### [PROBLEM DETAILS]
From the data that follows, print exactly the lines starting at the one containing "Welcome to the" and ending at the one containing "Hi friends, in"; include both of them and nothing more.

>>

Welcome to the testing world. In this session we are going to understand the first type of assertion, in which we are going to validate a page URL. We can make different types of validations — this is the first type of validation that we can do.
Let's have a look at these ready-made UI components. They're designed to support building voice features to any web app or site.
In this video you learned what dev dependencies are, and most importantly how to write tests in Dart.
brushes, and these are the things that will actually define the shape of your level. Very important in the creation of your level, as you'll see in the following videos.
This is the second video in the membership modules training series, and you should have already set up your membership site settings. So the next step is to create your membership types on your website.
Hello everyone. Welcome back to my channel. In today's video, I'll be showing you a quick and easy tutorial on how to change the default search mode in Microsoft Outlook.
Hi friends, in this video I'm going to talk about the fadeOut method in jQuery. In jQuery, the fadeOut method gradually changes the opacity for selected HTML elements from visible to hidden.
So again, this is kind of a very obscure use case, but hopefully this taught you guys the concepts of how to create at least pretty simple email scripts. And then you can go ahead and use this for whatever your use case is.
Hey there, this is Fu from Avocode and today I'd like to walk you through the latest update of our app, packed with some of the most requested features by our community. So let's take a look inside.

<<
>>

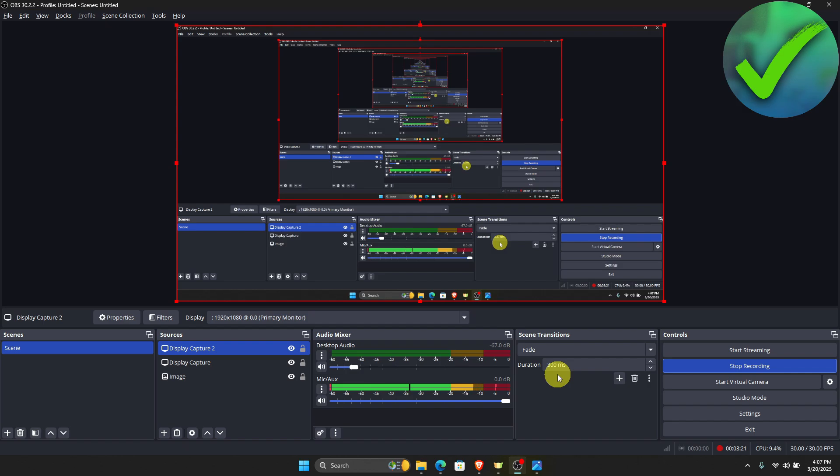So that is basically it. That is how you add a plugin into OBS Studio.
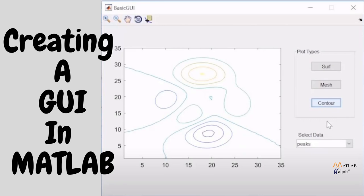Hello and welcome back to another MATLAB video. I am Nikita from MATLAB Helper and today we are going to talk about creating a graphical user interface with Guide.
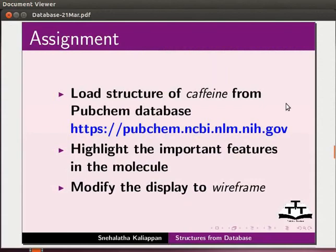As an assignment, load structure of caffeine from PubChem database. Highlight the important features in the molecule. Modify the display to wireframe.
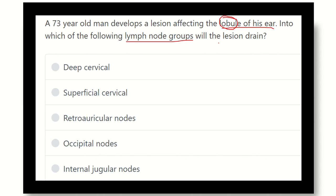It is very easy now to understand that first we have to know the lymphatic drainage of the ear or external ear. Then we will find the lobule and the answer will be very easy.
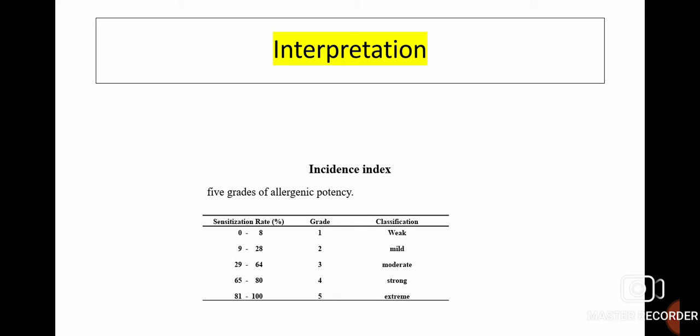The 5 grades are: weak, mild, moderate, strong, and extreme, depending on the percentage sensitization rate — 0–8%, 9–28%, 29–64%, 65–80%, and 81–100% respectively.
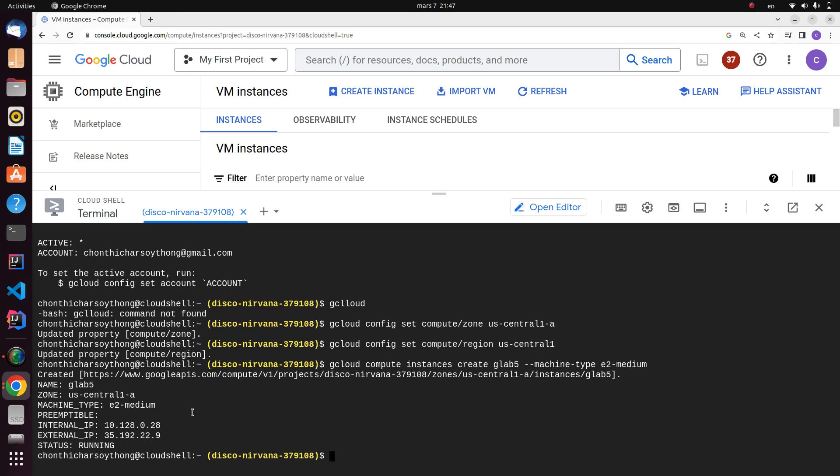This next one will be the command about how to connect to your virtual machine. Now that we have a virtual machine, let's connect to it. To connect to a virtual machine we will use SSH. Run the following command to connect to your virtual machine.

<<

### [EXERCISE RESULT]
Welcome to the testing world. In this session we are going to understand the first type of assertion, in which we are going to validate a page URL. We can make different types of validations — this is the first type of validation that we can do.
Let's have a look at these ready-made UI components. They're designed to support building voice features to any web app or site.
In this video you learned what dev dependencies are, and most importantly how to write tests in Dart.
brushes, and these are the things that will actually define the shape of your level. Very important in the creation of your level, as you'll see in the following videos.
This is the second video in the membership modules training series, and you should have already set up your membership site settings. So the next step is to create your membership types on your website.
Hello everyone. Welcome back to my channel. In today's video, I'll be showing you a quick and easy tutorial on how to change the default search mode in Microsoft Outlook.
Hi friends, in this video I'm going to talk about the fadeOut method in jQuery. In jQuery, the fadeOut method gradually changes the opacity for selected HTML elements from visible to hidden.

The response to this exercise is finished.